Data shown:
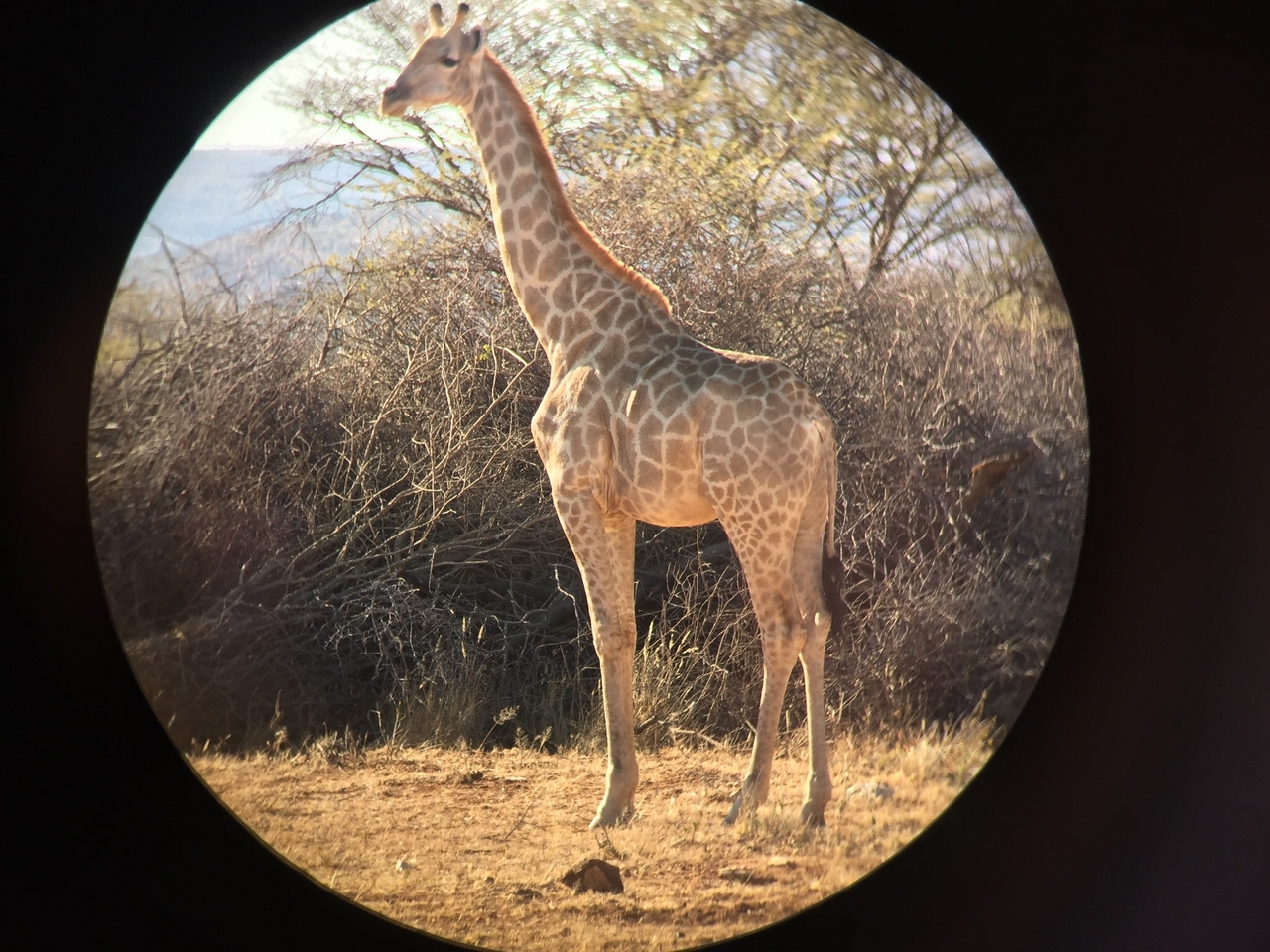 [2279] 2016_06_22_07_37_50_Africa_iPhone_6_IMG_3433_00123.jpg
--
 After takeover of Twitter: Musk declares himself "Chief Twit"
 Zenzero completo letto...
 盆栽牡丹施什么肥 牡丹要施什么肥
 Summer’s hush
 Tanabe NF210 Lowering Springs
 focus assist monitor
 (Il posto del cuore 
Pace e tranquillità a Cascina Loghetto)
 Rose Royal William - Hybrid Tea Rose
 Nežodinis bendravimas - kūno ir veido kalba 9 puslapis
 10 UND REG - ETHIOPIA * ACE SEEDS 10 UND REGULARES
--
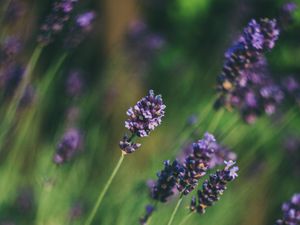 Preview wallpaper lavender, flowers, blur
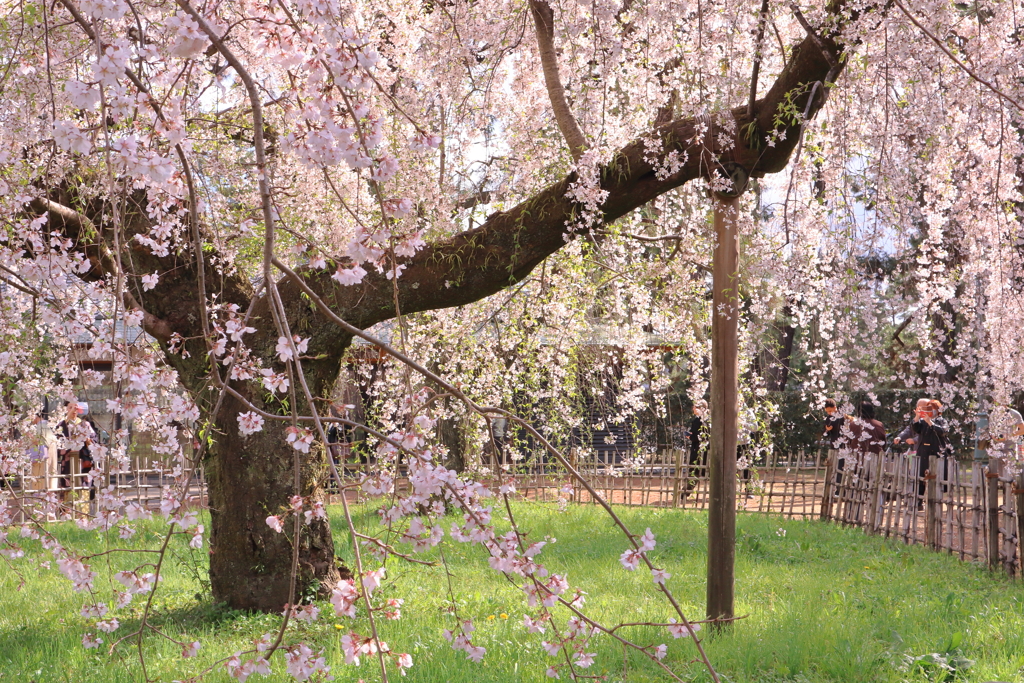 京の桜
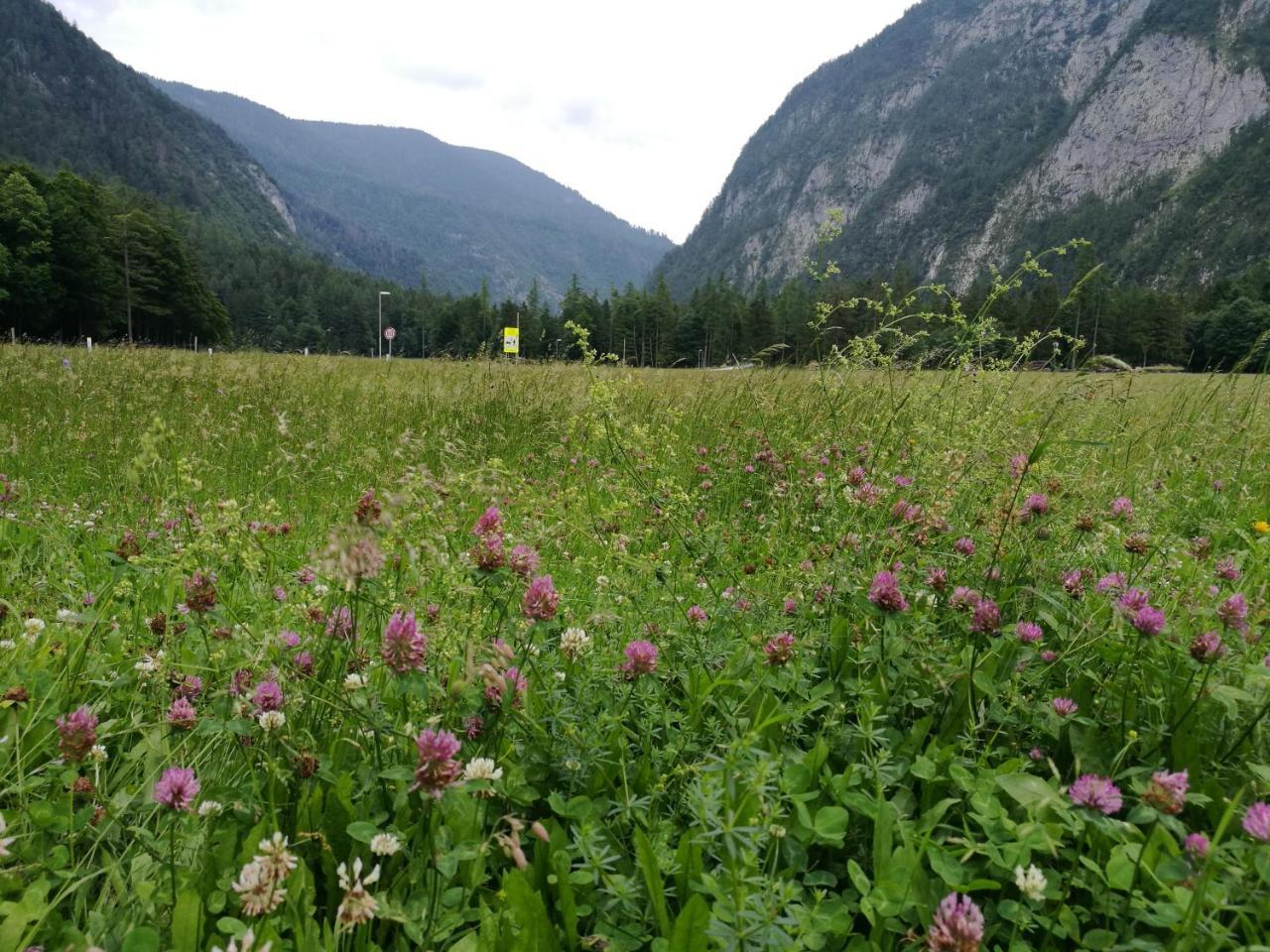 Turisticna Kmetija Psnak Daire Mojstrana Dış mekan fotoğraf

Assignment:
Reproduce only the lines above spanning from the line containing "(Il posto del cuore" through the line containing "10 UND REG - ETHIOPIA", word for word.

Reply:
 (Il posto del cuore 
Pace e tranquillità a Cascina Loghetto)
 Rose Royal William - Hybrid Tea Rose
 Nežodinis bendravimas - kūno ir veido kalba 9 puslapis
 10 UND REG - ETHIOPIA * ACE SEEDS 10 UND REGULARES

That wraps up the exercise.